One idea is to combine this with machine learning techniques, for example GANs (Generative Adverserial Networks).

(choose constraints likely to generate text with bad predictions)
    |                                                 |
constraints + meta grammar                            |
    |                                                 |
generator -> text -> test -> reward ---------__       |
              |                                |      |
             networks -> predicted reward -> update networks
  • Network 1 predicts expected rewards using the text as input. To parse the text, it uses the meta grammar.
  • Network 2 updates the numbers in the constraints, trying to find combinations that leads to bad predictions in network 1.

Network 2 sampling

Network 2 might need to sample reward errors before updating. This is because without knowledge about the specific text used for the test, one assumes that the constraints are representative of that specific subset of the language.

Think of a specific text as a point in a larger space (the language) which boundaries are defined by the constraints. An update to move the space is arbitrary, unless one believes some function of the points give sufficient information to make a decision to move. Why change if there is no reason to believe that Network 1 will indeed make a better guess next time?

Alternative is to update very slowly, such that changes it reacts to are likely to generate text with a large overlap with the old set. However, since this introduces an overhead of generating new constraints, it is probably faster to sample using the same constraints.

It is not possible make a change in Network 2 and then replicate the test. Most likely, a complete different text will be generated that will result in a complete different reward. This gives the space a high number of dimensions where the gradient direction is very noisy.

A way to perform a probabilistic exhaustive check, to see whether space is covered sufficiently, is to generate a hash from the meta data of the text and use a Bloom filter. Then you sample from a moving average of new insertions into the Bloom filter (0 or 1), and change constraints when it falls below a threshold and Network 1 errors also have been sufficiently low.

Keep track of text with high reward

If the reward function gives a spike for a specific text, then there is no way for Network 2 to reproduce this case from the constraints. Network 1 must not forget this knowledge over time.
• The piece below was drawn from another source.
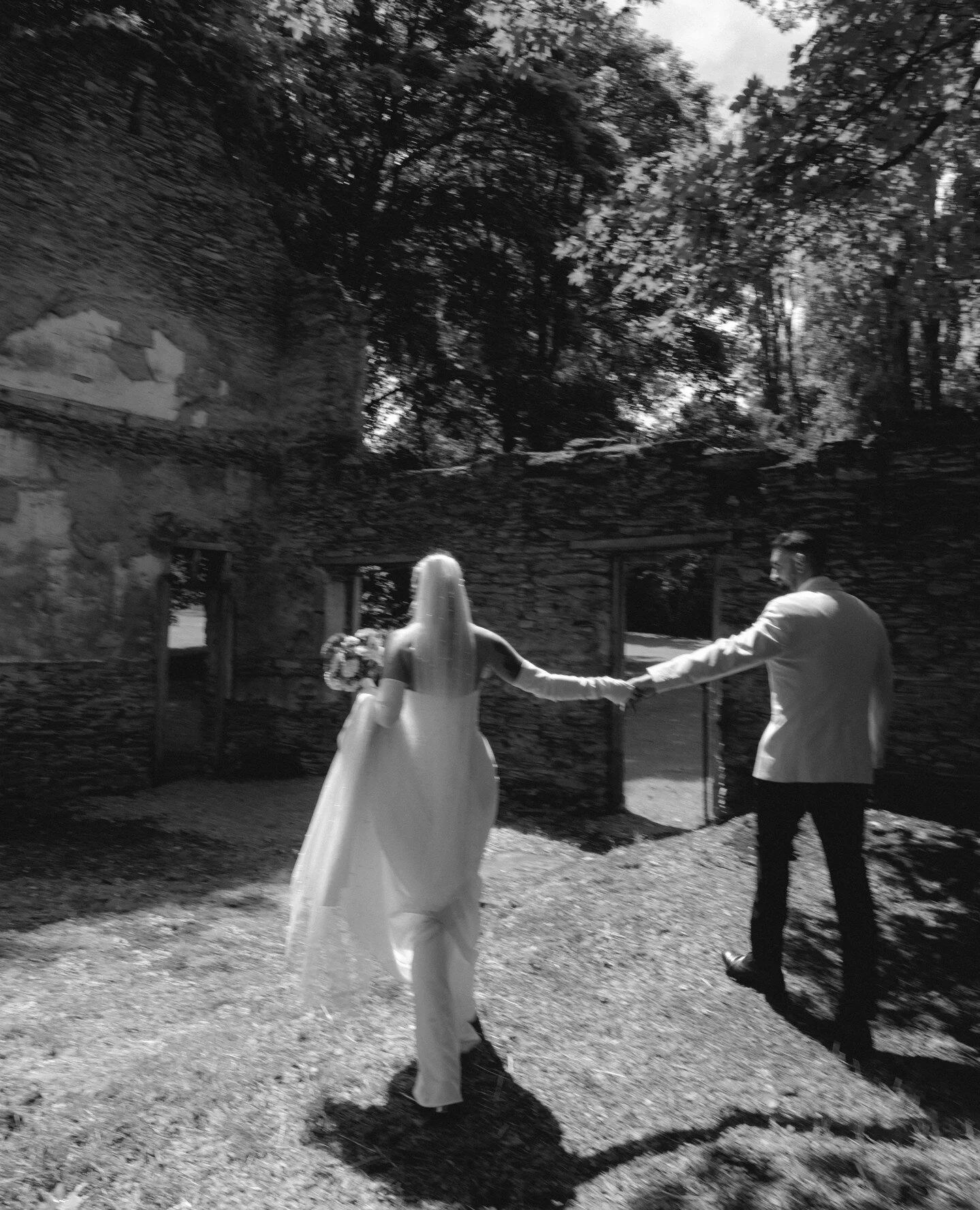 A moment for yourselves, just the two of you. ⁠
⁠
Kim &amp; Stevie snuck away for a private toast (with Nakita in tow!) before meeting their wedding guests for dinner. You won't regret finding these pockets of time together on your wedding day. ⁠
⁠
I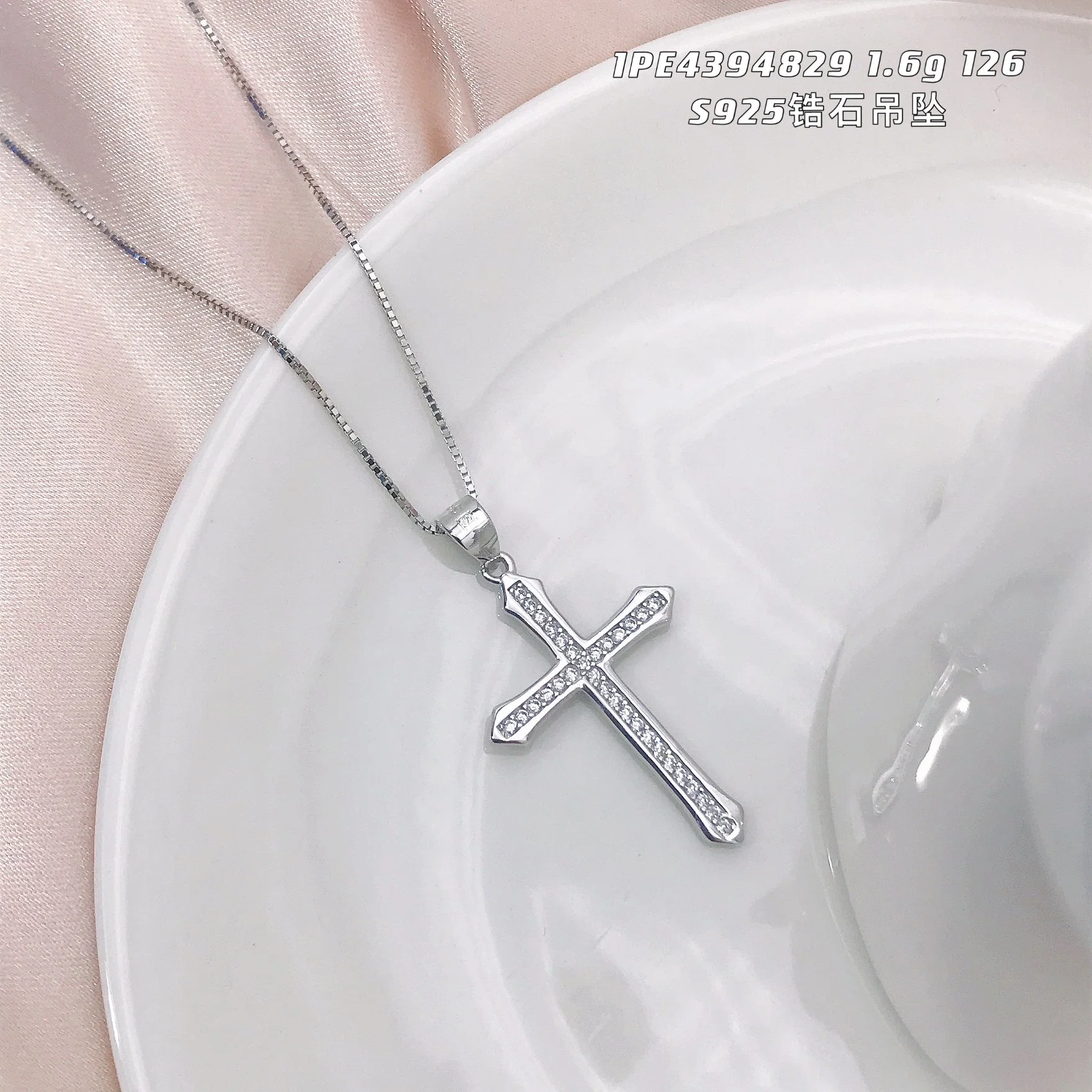 OEM Custom Fashion 925 Silver Jewelry White Stone Luxury Popular Wholesale High Quality Light Weight Religious CZ Cross Pendant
To solve this one could sample from a collection of known texts with high rewards and feed them into Network 1 at regular intervals.

One problem is that Network 1 might forget the low rewards in the neighborhood around texts with high rewards. Even when you store the constraints with these texts, the state of Network 2 might have changed so it can no longer learn properly from the reward errors.

Therefore, only Network 1 can learn from history of successful cases.